Source: The Early Life of Lexington [KY] before the Year 1820, Mary Estelle Delcamp, A Thesis Submitted to the Faculty of Transylvania College in Candidacy for the Degree of Master of Arts June, 1916

It is not expected that a frontier country will have many visitors and much social life. But anyone, who studies the situation in the early days of Lexington’s history, is impressed with the highly-developed social life of the people. Many visitors came to the town: not only did the mountain leader, on his way to join St, Clair, pass thru this Bluegrass center, but the representative from St.
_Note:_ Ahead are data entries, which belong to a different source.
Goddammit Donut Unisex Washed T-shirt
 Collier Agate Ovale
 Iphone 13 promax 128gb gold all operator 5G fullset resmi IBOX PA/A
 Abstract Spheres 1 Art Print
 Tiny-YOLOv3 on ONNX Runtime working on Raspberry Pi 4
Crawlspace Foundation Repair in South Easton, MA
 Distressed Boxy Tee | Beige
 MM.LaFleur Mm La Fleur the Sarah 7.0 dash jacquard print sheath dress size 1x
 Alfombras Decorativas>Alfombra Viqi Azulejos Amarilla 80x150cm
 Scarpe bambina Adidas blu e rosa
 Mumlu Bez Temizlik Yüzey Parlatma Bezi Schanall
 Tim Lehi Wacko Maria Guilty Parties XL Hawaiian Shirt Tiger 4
Vincennes, on his way to Congress, stopped for a short while (Oct. 8, 1781; Feb. 23, 1793). When the twelve chiefs of the Osage nation, conducted by M. Chouteau, were on their way to pay their respects to the President of the United States, their route lay thru Lexington (June 12, 1804); when Dr. Hunter of Philadelphia was appointed by the President of the nation to explore Red and Arkansas Rivers, he made his way to Natchez via Lexington (July 3, 1804). Col. Burr visited the town in 1805, and again in 1806 (Aug. 20, 1805; May 17, 1806). It was the usual thing for returning members of Congress to make a brief sojourn in the city. If these visitors were of sufficient importance, and the length of their stay justified it, a public dinner was given in their honor. Col. J.P. Boyd, a hero on Tippecanoe, (Feb. 4, 1812), Gov. Shelby of Kentucky (Nov. 8, 1813), R.M. Johnson, returned member of Congress (July 21, 1812), Rep. H. Clay (Aug. 4, 1812; June 15, 1820), and Major W.H. Harrison were among the recipients of such banquets. Major Harrison, in offering a toast at the dinner in his honor, said that two toasts came to his mind: the first one, "The town of Lexington – the seat of science, of elegance and correct taste, and what is of more importance, of correct republican principles;" He gave, however, the second toast that he thought of—a toast in honor of Gov. Shelby (Feb. 5, 1816).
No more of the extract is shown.